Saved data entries
════════

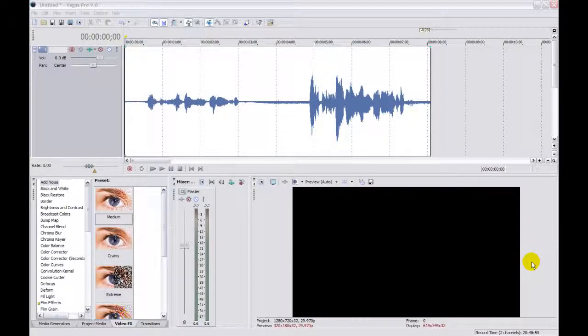Hi and welcome to another Vegas tutorial. Today we're going to discuss audio and the volume envelope in particular. Have you ever imported audio and video from your camcorder only to find out that some of the audio is much lower than the other audio and you'd like to boost everything up to the same level?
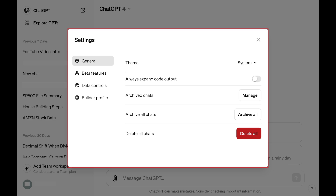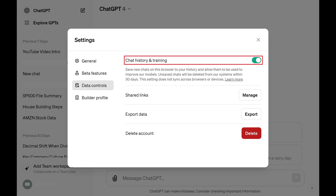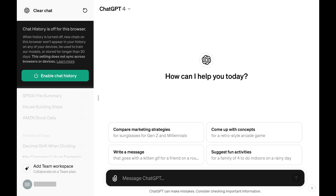The Settings window opens. Step 3: Click to select Data Controls on the left side of this menu. Data control options are shown on the right side of the screen. Step 4: Click to toggle off Chat History and Training.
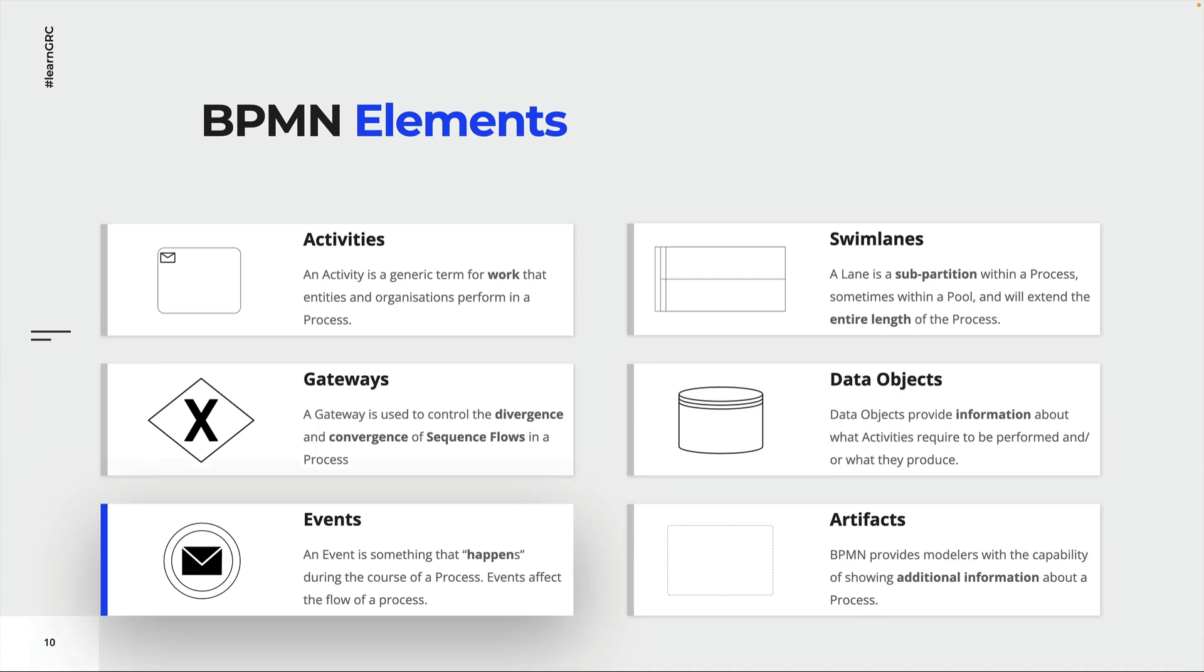An event is something that happens during a process. There are start, end and intermediate events. Swimlanes help us to visualize the different roles and responsibilities within a process. Two or more swimlanes combined represent an organization or part of an organization.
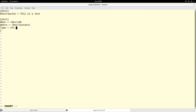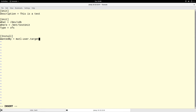The Install section is for when we want the file system mounted on boot. We say 'WantedBy=multi-user.target'. That covers the basic things we need — Description, What, Where, Type, and WantedBy. Let's write and quit.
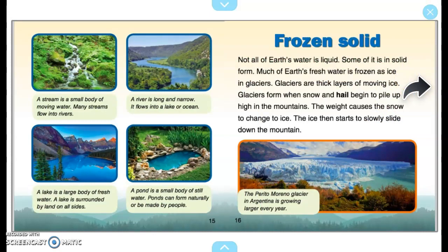A stream is a small body of moving water. Many streams flow into rivers. A river is long and narrow and flows into a lake or an ocean. A lake is a large body of fresh water surrounded by land on all sides. A pond is a small body of still water. Ponds can form naturally or be made by people.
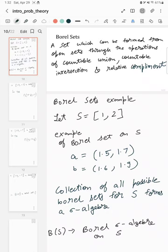Hello everyone. In this video we are going to learn about Borel sets and see a few examples. This will be useful when we learn measure theory and probability theory — the basics of it — and it will also be used in defining what a measure space and probability space are. So this is quite important if you want to learn more about probability theory.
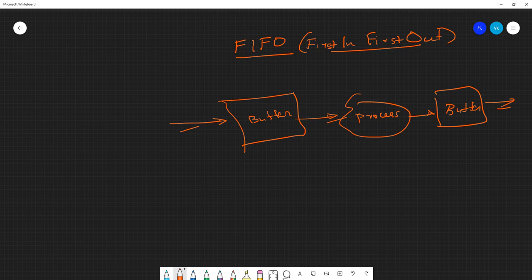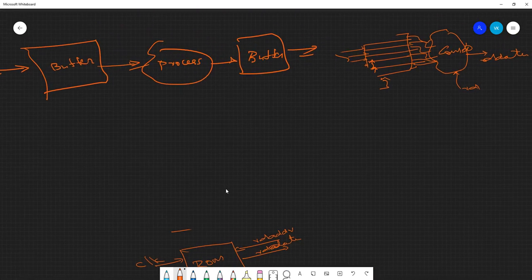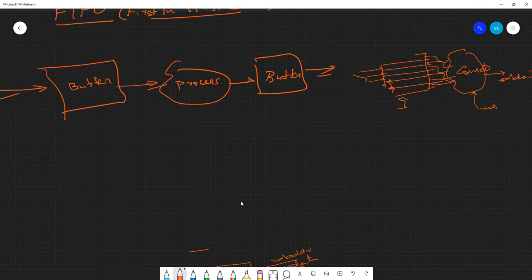There are other applications too — for example, if you have data coming from an external source and you want to find the largest number, unless you get all the data you cannot find it. In that case you first have to store the data somewhere. Using FIFOs is more helpful than a RAM because you will not have to manipulate the read and write address. Let's look at the abstract view of a FIFO.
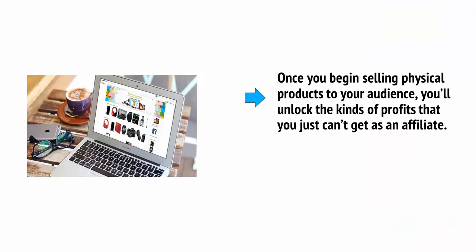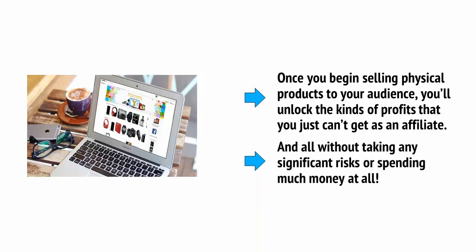Once you begin selling physical products to your audience, you'll unlock the kinds of profits that you just can't get as an affiliate, and all without taking any significant risks or spending much money at all.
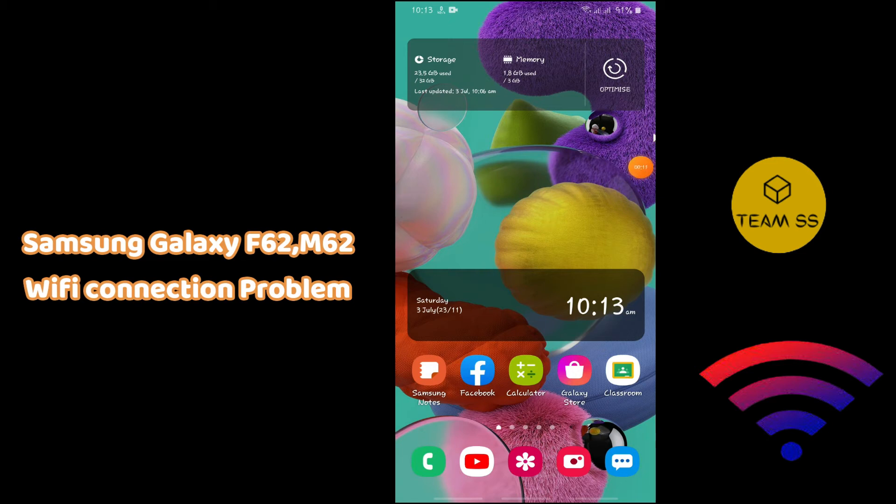What's up everyone, you're watching Team SS channel. In this video, I will show you how to fix Samsung Galaxy F62 or M62 WiFi connection problem.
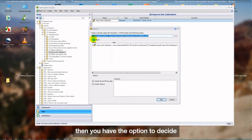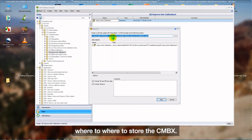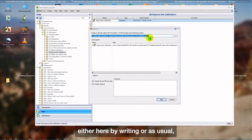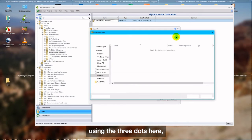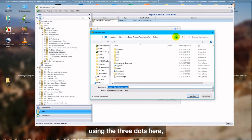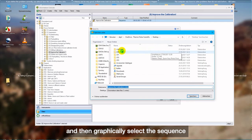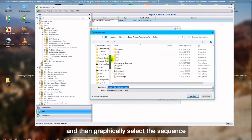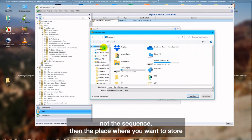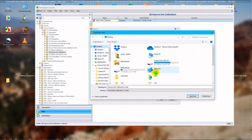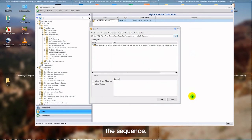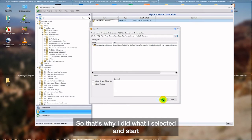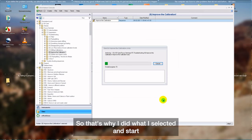Then you have the option to decide where to store the CMBX. You can define the path either here by writing or, as usual, using the three dots here. And then graphically select the sequence, not the sequence, the place where you want to store the sequence, like I just did. And I want to store it on my desktop. So that's what I selected. Say Start.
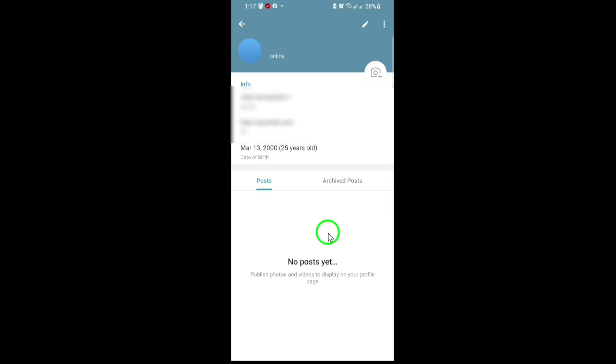That's all it takes. With just a few taps, you can turn your Telegram bio into a powerful tool for sharing your website, portfolio, or any important page.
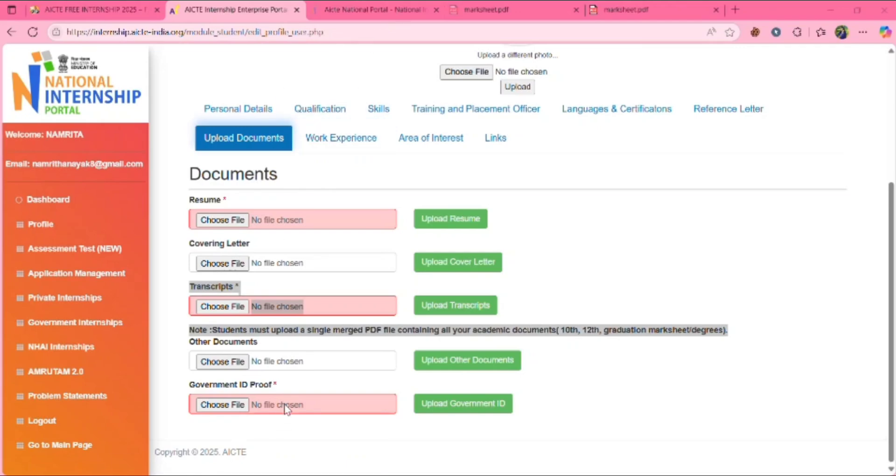Next one is government ID proof. You can upload your Aadhaar card here. Aadhaar. That should be in the form of PDF, I guess. You need to upload in the form of PDF. So let's upload it.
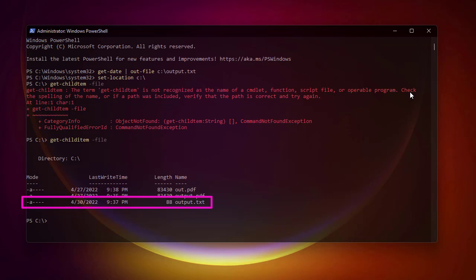That was a brief introduction to some basic PowerShell commands and cmdlets. As always, I hope this has been informative for you. Thank you for watching — bye-bye!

════════

**EXERCISE DIRECTIONS:**
Reproduce, exactly and only, the lines of the records above starting at the line with "Once you begin" and ending at the line with "That's all it", both included. Leave every picture out.

**TASK ANSWER:**
Once you begin selling physical products to your audience, you'll unlock the kinds of profits that you just can't get as an affiliate, and all without taking any significant risks or spending much money at all.
What's up everyone, you're watching Team SS channel. In this video, I will show you how to fix Samsung Galaxy F62 or M62 WiFi connection problem.
Then you have the option to decide where to store the CMBX. You can define the path either here by writing or, as usual, using the three dots here. And then graphically select the sequence, not the sequence, the place where you want to store the sequence, like I just did. And I want to store it on my desktop. So that's what I selected. Say Start.
That's all it takes. With just a few taps, you can turn your Telegram bio into a powerful tool for sharing your website, portfolio, or any important page.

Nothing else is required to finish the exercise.